Me quedé helado de repente, pero seguí hablando para evitar que Jackson se pusiera demasiado inquisitivo.

– Aldridge está muerto, tío. Y si era un atracador de bancos, no tendría nada que ver con ese grupo político. La gente roba bancos para su propio provecho, no por la democracia.

– La gente cambia.

– Tú no -dije-. Y ahora, ¿tienes la dirección de esa chica o no?

Me la dio. Pero no tenía ni su nombre ni el número de su puerta.

– Bastante hice al conseguir eso -dijo, al quejarme yo.

En lugar de ir directamente a mi coche, bajé andando el trozo que quedaba hasta la playa.
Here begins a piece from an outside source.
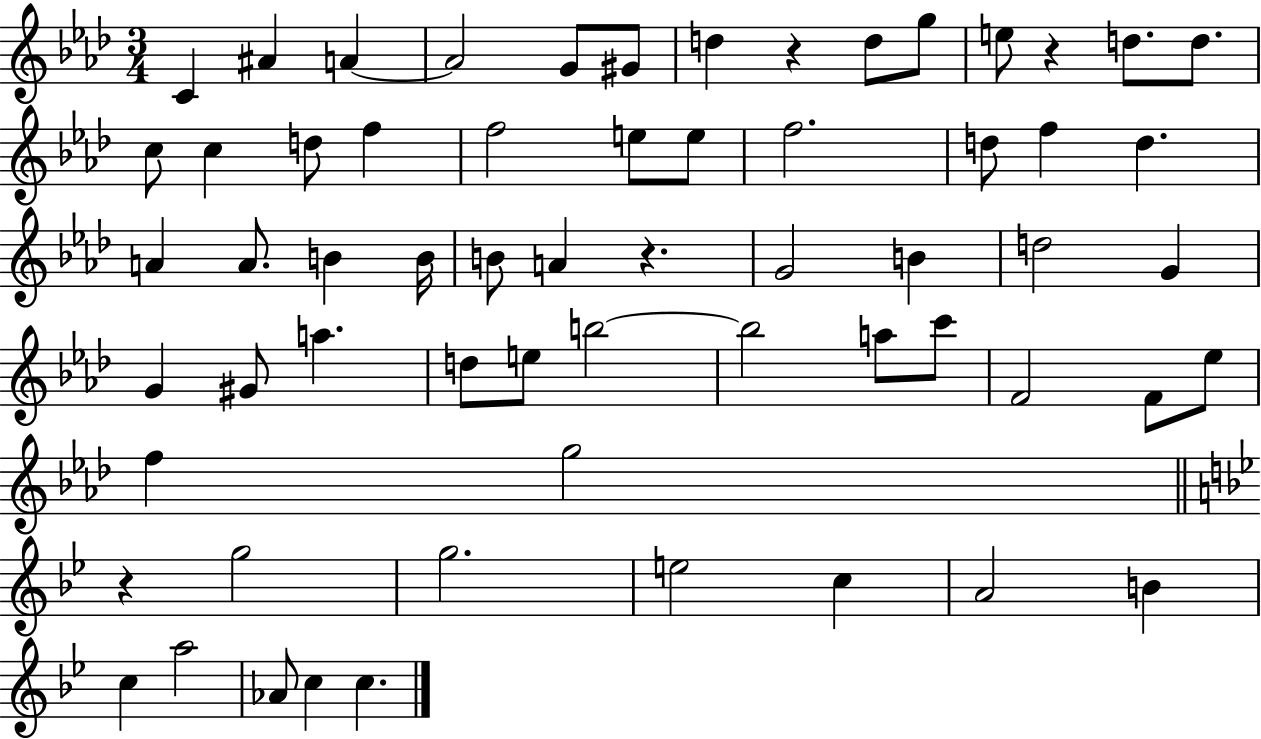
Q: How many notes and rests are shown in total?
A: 62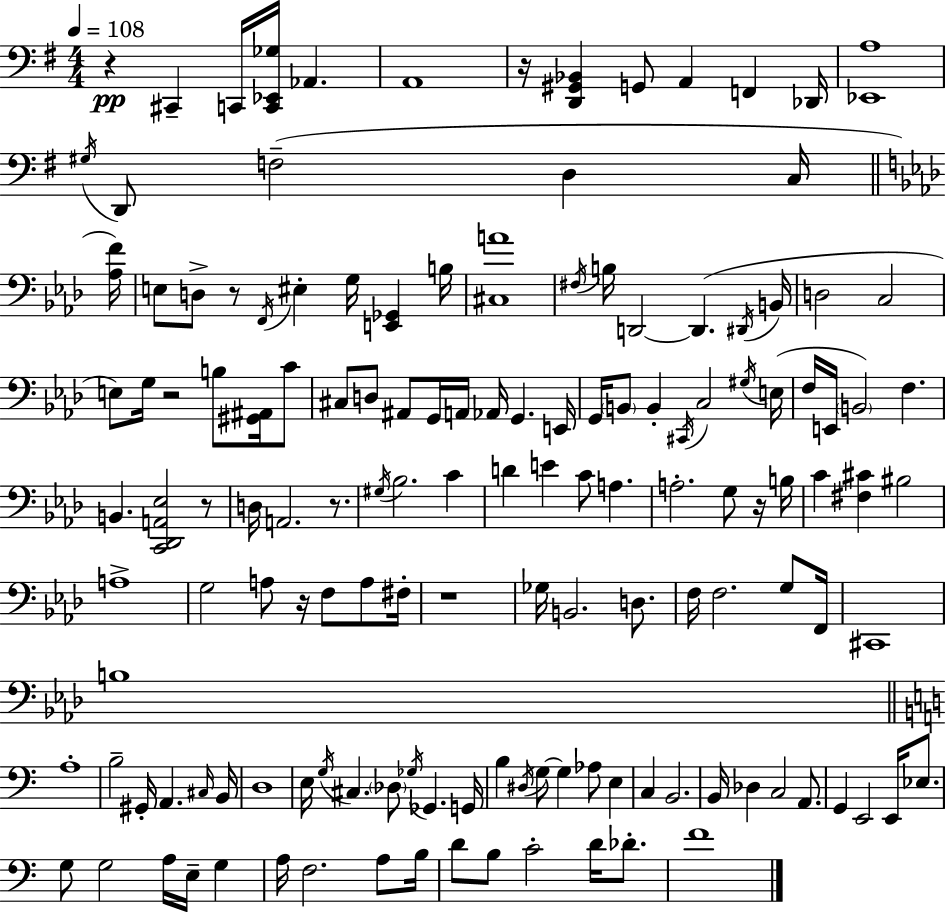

Santa Mónica todavía parecía una ciudad pequeña en el sesenta y cuatro, con edificios de madera pintados de colores primarios, pequeños locales especializados en baratijas hechas con conchas…

La luna se había ocultado a la vista detrás de una nube grande, pero su luz todavía incidía sobre las aguas a muchas millas de la costa. Aquella luz lejana era como las esperanzas abandonadas de un marinero: distantes y casi imposibles.